I just took a look at the bsnes source that's embedded in Mednafen, and it's definitely doing a 24-bit add.
Yeah. This morning I also looked at the bsnes-plus source code, too. It's all in the ../cpu/core directory. Nice.
Sorry, I don't know of any simulator except for the one on the WDC site that's built into the WDC Tools.
The only emulators I recognize as an emulator are built on hardware. An emulator emulates hardware. Period. Everything else is a simulator to me. Microchip makes a simulator that runs in their MPLAB IDE. It simulates the cpu, peripherals, memory, etc. It's still a simulator, not an emulator. I have a Microchip emulator -- it has a nice little pod I can plug into a cpu socket. That's an emulator. When I worked at Intel, we had a huge box of FPGAs and out of that mess there was a nice cable and ... yup ... a pod that could fit into the CPU socket of a motherboard. And guess what? It ran the motherboard from the RTL (VHDL or Verilog plus floorplanning) from that huge FPGA box. That's also an emulator.

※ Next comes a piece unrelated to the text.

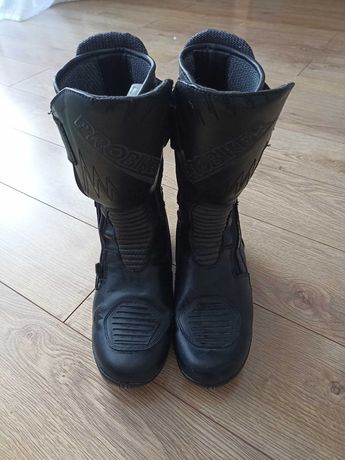 Buty motocyklowe damskie Probiker 40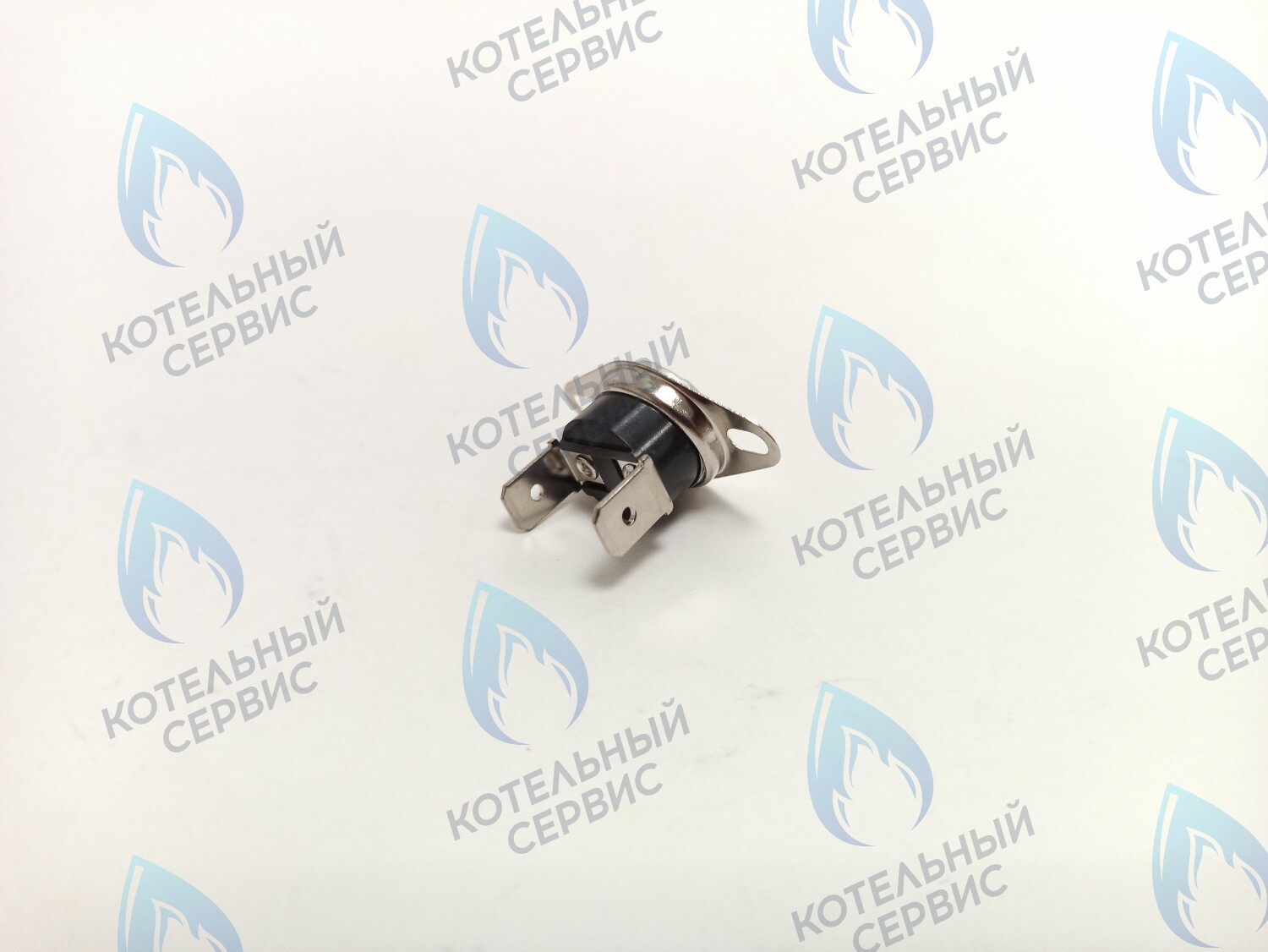 LT095 Термостат (датчик) перегрева 95С KSD 301 MASTER GAS (2080159), ROC (D44803), ALPHATHERM (EC-019), GAZLUX (05-2006), GAZECO (05-4037), OASIS (P0000005981) в Санкт-Петербурге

If it doesn't emulate a piece of hardware I can drop into other hardware, it's just a sim to me.
Someday I might change. But 40 years is a hard habit to break.
I just downloaded the WDC C compiler, and I'm getting the same license error as you.

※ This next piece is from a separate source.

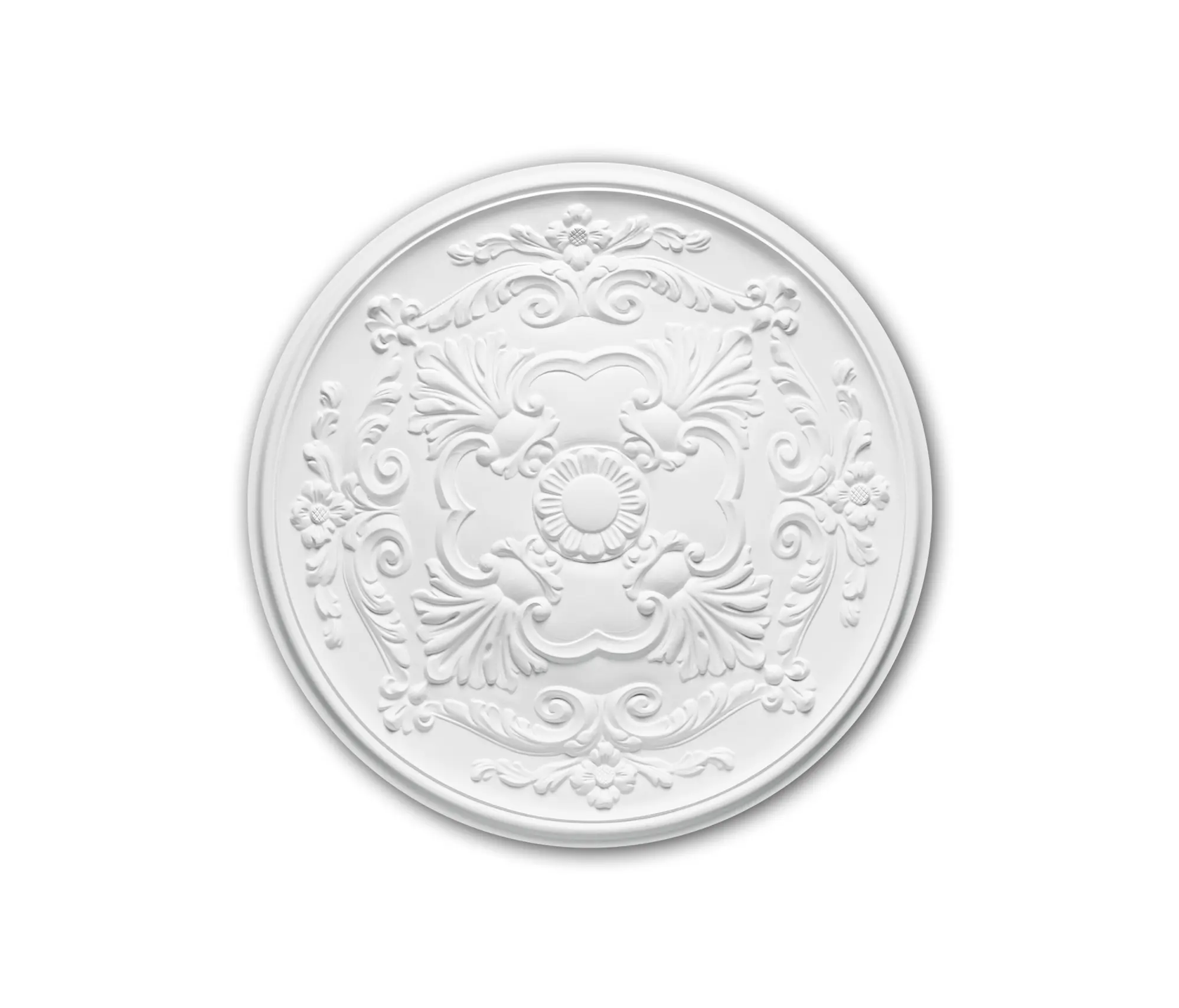 e-Delux - Interior mouldings - Rosette Profhome Decor 156024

Perhaps the license is built into the TIDE editor/environment???
Whether it is or not ... I think that we'd both have the same complaint ... I'd want to choose an open source compiler if I was going to work on any changes/upgrades.
Yup. So I'm writing off the WDC C compiler. I'm sure it would be a nightmare trying to get ahold of them, anyway. I'm sure they are at minimum staff, just barely enough to manage their IP and count the dollars coming in, I'm sure. I don't think they are pro-active anymore. Or if they ever were. I think they just wait around, instead, and pocket the IP bucks.
And I'm "more interested in the 6502 variants" both in C terms, and in general terms.
The only experience I have, commercially, with 6502 variants is with the Seiko message watch some years ago. But this makes my point here. I don't know of anyone using a general-purpose, end-user quantity situation with the 6502. Is anyone doing homebrew 6502 boards anymore? I might have a few CPUs here, still. In a box somewhere. But I will probably never build anything with them. Does anyone? Are they still sold?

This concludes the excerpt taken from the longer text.